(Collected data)
↓
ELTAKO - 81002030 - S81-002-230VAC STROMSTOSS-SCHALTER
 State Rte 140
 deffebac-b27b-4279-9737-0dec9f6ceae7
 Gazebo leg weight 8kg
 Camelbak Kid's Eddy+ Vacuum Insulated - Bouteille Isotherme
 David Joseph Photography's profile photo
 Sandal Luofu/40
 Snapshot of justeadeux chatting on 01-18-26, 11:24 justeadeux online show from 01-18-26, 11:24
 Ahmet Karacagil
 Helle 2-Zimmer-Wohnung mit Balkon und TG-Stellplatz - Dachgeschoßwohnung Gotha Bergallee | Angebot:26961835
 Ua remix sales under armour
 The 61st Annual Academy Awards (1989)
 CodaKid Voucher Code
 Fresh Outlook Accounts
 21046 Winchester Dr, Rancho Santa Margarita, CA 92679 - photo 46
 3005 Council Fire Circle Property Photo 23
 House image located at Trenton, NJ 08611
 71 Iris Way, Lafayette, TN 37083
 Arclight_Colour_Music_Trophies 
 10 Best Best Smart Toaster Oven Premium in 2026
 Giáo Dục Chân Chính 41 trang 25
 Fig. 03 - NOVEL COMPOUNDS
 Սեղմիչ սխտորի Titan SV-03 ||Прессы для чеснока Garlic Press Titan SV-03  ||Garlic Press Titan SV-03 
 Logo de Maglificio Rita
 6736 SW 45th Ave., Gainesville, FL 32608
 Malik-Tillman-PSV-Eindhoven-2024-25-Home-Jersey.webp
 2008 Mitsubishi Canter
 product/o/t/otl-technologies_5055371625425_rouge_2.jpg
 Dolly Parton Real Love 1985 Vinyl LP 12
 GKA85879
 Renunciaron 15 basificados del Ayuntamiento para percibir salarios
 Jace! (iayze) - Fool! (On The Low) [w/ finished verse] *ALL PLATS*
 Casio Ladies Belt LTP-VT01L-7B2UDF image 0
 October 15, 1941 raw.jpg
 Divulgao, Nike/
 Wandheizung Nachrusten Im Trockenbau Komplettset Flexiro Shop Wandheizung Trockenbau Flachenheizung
↑
◆ Description of the task: Count how many lines in the records above hold the word "image", and answer with that number alone.

◆ Expected answer: 2